» GIVEN DATA

_ _ _ _

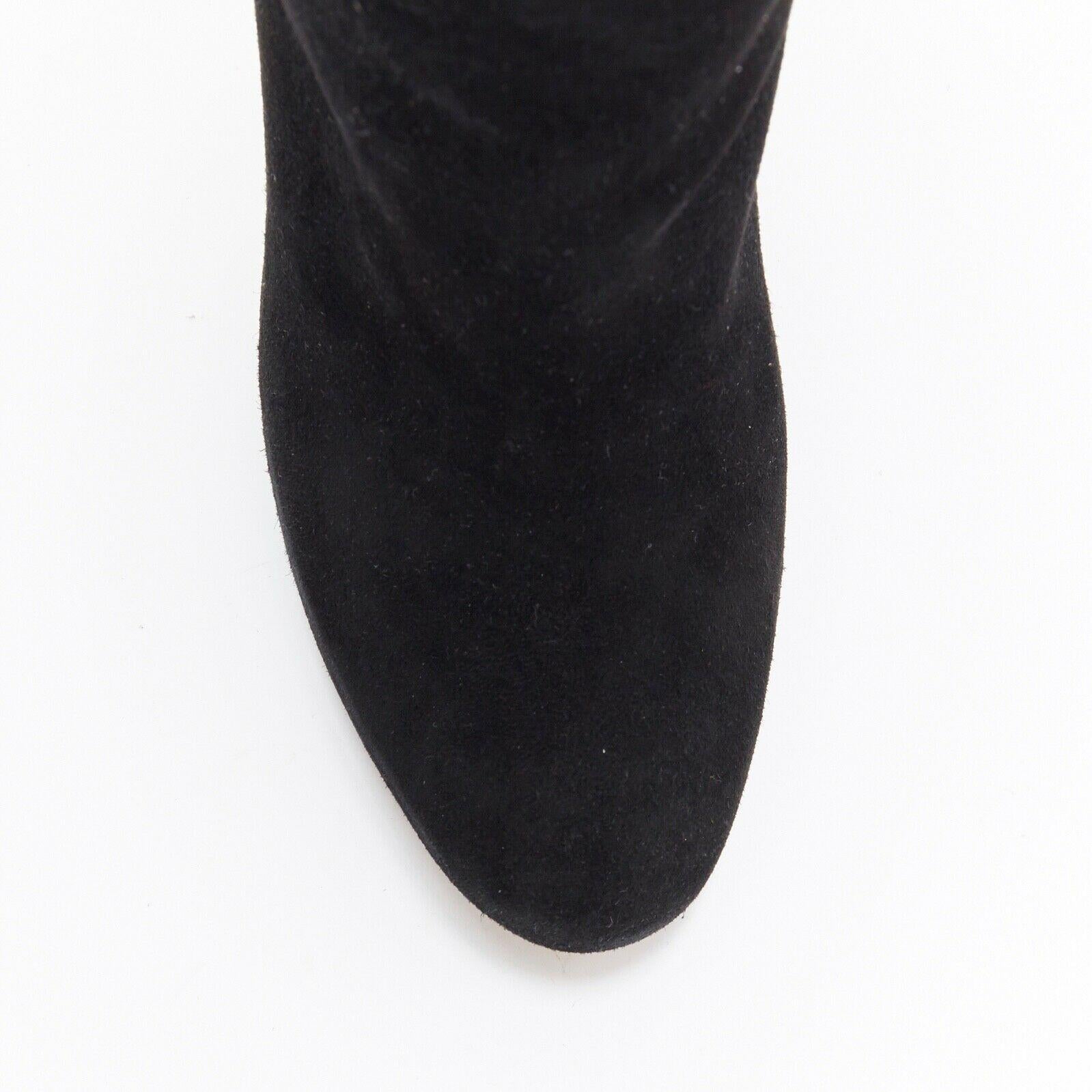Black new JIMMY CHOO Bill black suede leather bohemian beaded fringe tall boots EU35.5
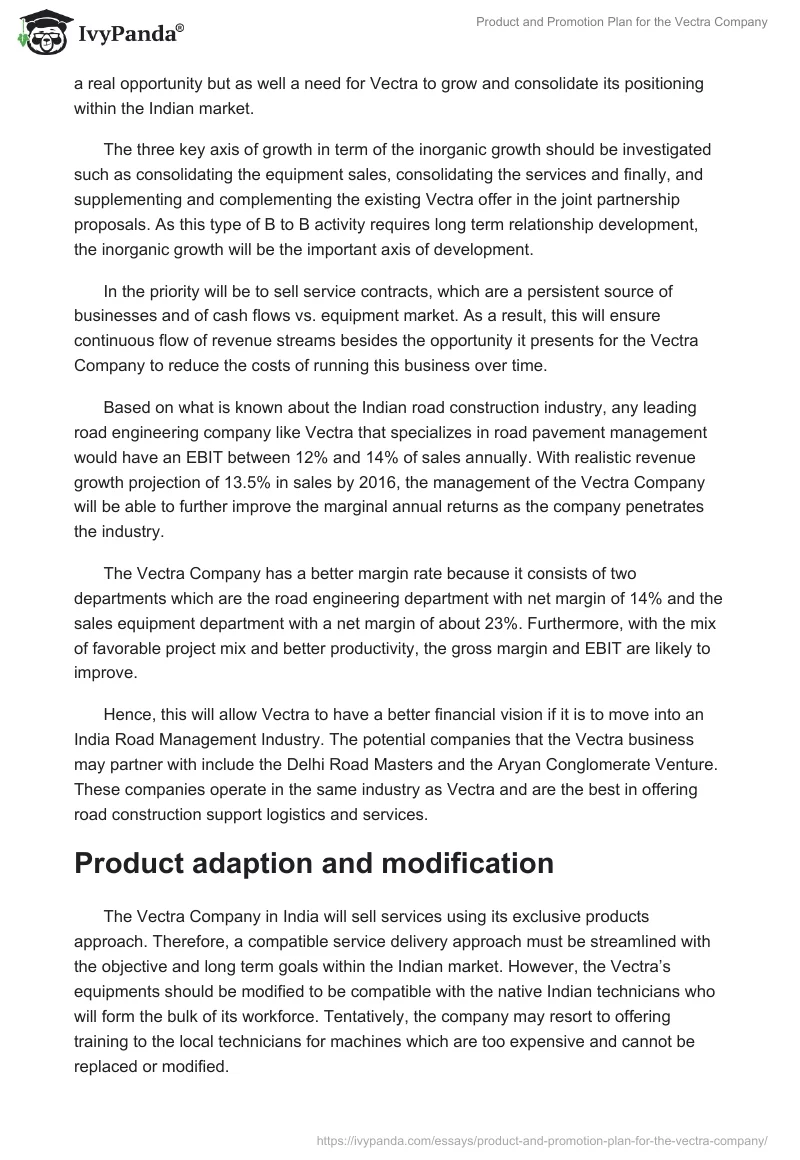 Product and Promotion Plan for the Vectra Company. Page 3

_ _ _ _

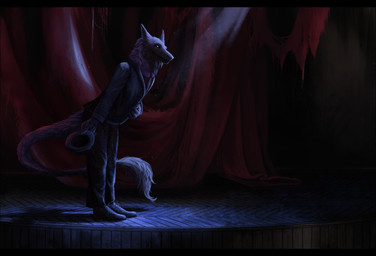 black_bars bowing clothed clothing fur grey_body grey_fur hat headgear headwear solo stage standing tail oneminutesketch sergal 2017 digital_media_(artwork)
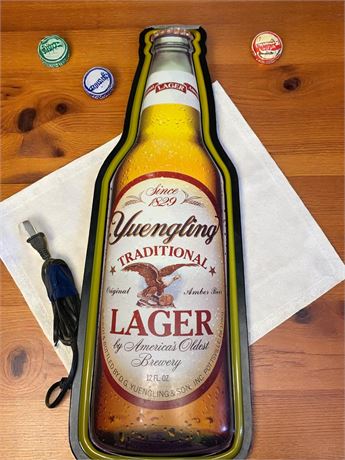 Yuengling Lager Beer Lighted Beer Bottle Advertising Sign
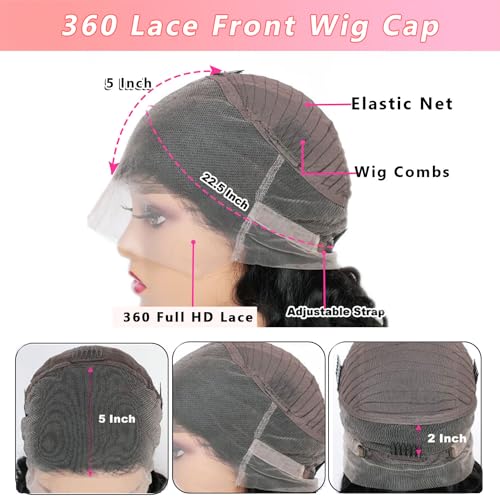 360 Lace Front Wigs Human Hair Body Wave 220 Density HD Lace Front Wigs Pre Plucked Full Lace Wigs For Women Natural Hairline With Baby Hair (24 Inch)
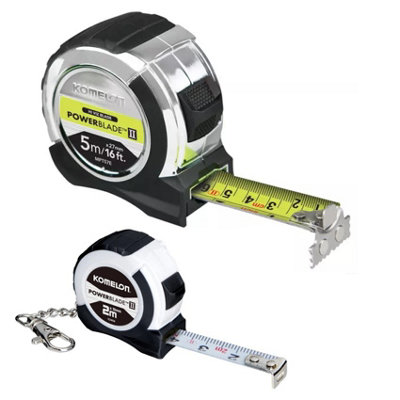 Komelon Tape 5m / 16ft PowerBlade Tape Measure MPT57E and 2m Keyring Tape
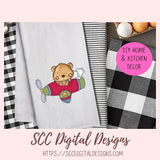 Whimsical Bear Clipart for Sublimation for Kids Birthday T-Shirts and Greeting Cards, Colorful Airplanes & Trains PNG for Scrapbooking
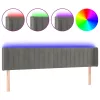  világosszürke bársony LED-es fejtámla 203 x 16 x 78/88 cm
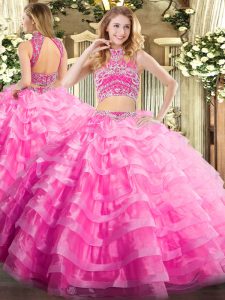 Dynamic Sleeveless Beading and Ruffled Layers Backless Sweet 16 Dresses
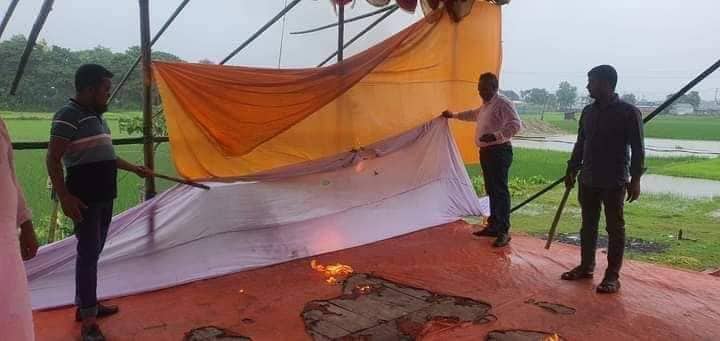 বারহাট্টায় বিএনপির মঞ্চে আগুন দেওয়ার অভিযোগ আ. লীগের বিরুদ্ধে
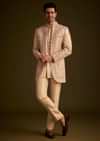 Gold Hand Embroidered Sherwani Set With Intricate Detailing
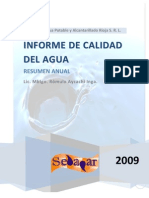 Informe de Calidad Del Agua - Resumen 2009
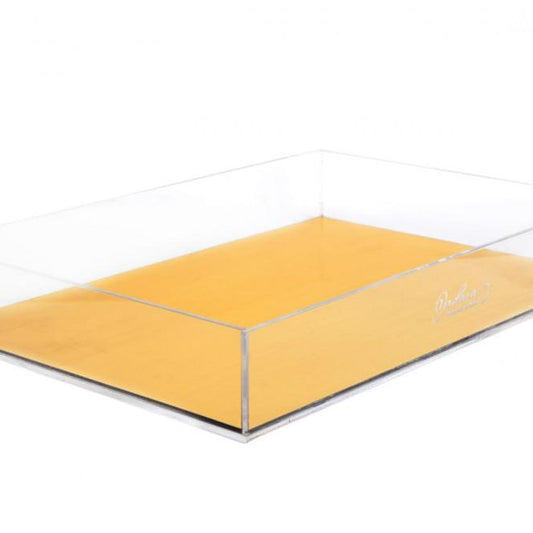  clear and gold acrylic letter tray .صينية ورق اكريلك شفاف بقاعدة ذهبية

_ _ _ _

» TASK TO CARRY OUT
Using the data above, output the line that has "Whimsical Bear Clipart", the line that has "clear and gold", and whatever lines fall between, each exactly as it stands and without pictures.

» ANSWER AREA
 Whimsical Bear Clipart for Sublimation for Kids Birthday T-Shirts and Greeting Cards, Colorful Airplanes & Trains PNG for Scrapbooking
  világosszürke bársony LED-es fejtámla 203 x 16 x 78/88 cm
 Dynamic Sleeveless Beading and Ruffled Layers Backless Sweet 16 Dresses
 বারহাট্টায় বিএনপির মঞ্চে আগুন দেওয়ার অভিযোগ আ. লীগের বিরুদ্ধে
 Gold Hand Embroidered Sherwani Set With Intricate Detailing
 Informe de Calidad Del Agua - Resumen 2009
  clear and gold acrylic letter tray .صينية ورق اكريلك شفاف بقاعدة ذهبية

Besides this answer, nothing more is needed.